§ **Task prompt**
Transcribe the listing below in full, exactly, with no images.

§ **Information shown**
# # # # #

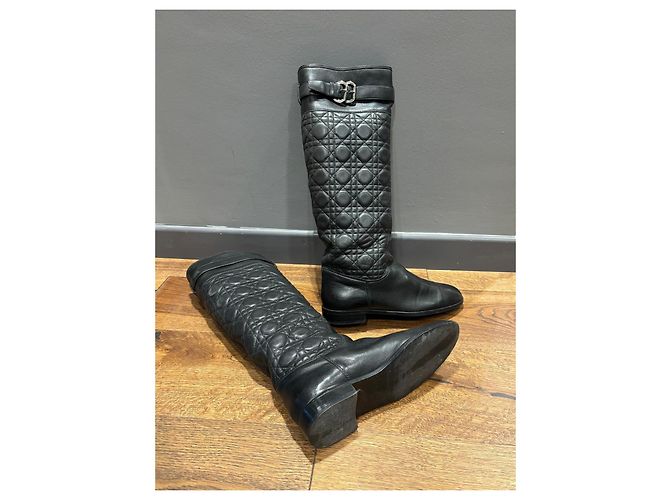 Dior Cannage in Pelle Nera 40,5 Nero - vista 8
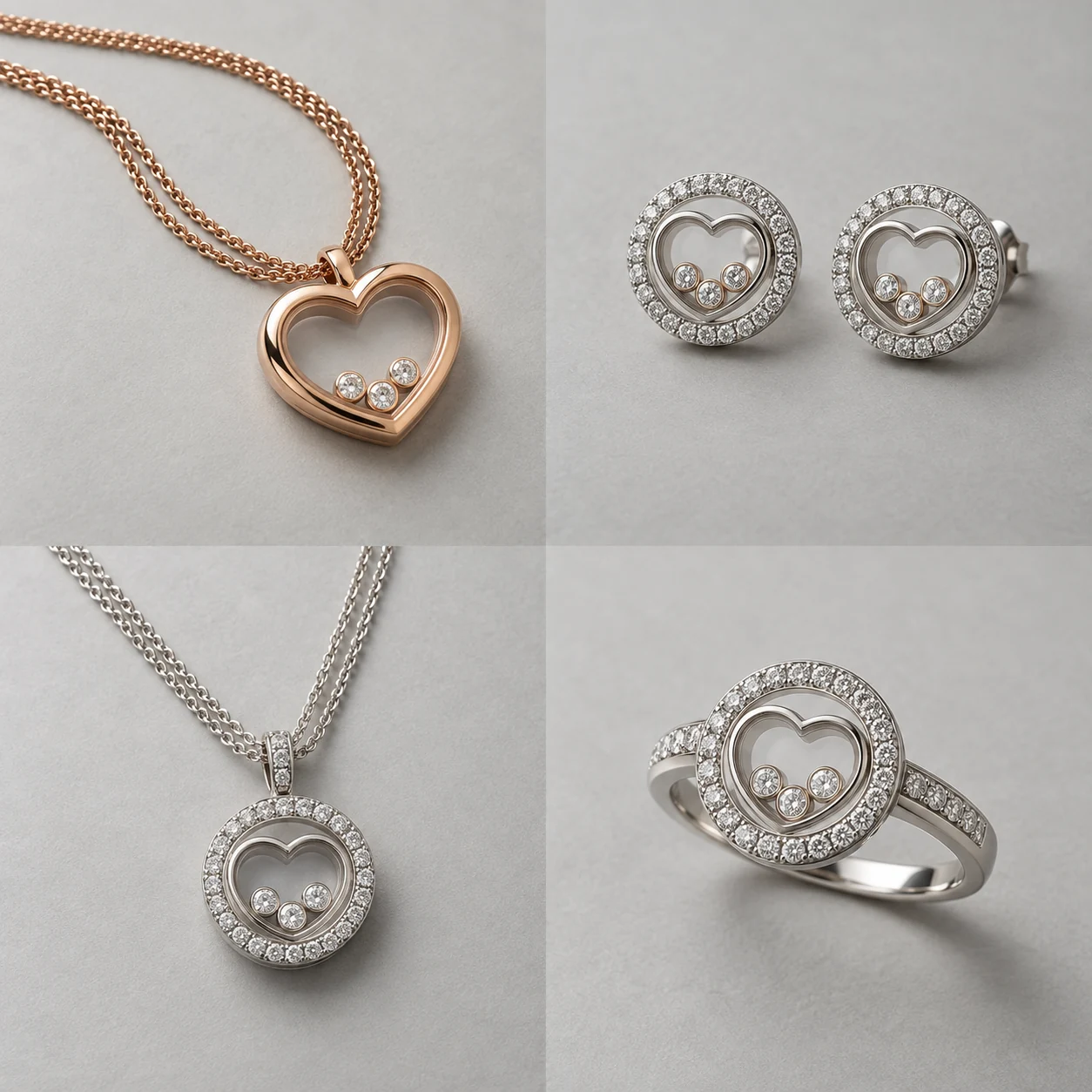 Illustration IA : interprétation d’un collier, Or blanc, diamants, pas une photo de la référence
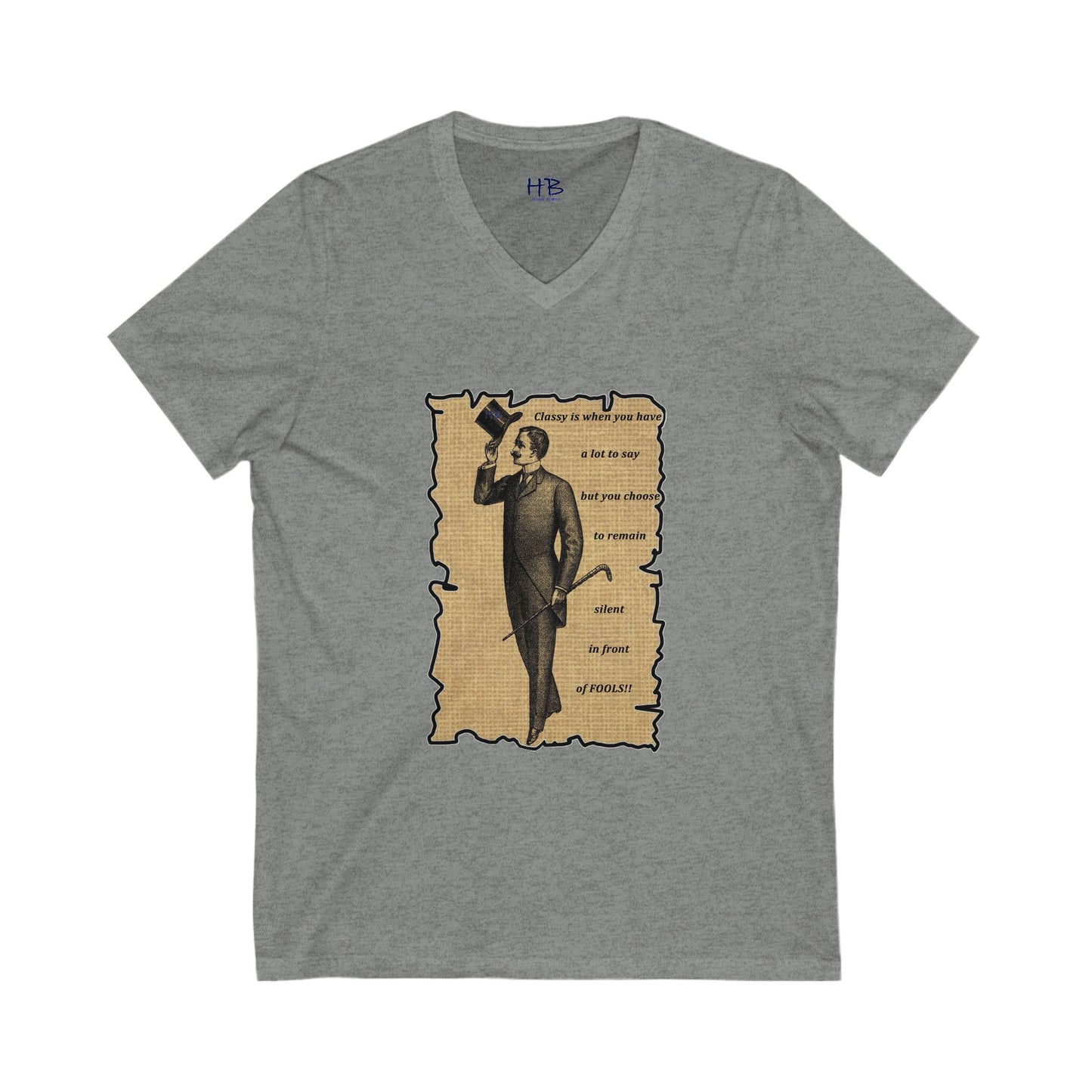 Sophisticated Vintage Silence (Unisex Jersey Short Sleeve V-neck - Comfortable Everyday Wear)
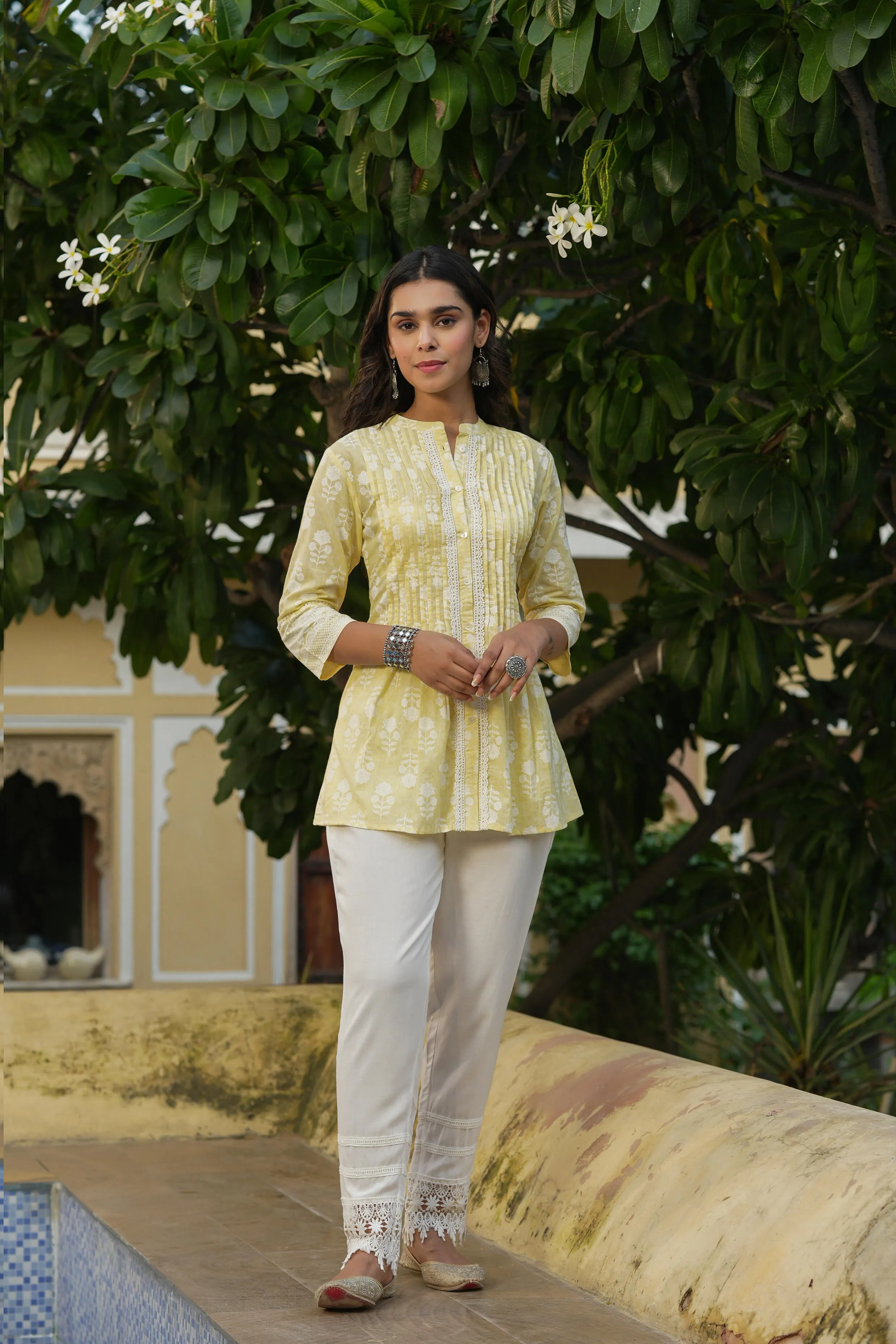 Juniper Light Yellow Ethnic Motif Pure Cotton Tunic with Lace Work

# # # # #

§ **Reply**
 Dior Cannage in Pelle Nera 40,5 Nero - vista 8
 Illustration IA : interprétation d’un collier, Or blanc, diamants, pas une photo de la référence
 Sophisticated Vintage Silence (Unisex Jersey Short Sleeve V-neck - Comfortable Everyday Wear)
 Juniper Light Yellow Ethnic Motif Pure Cotton Tunic with Lace Work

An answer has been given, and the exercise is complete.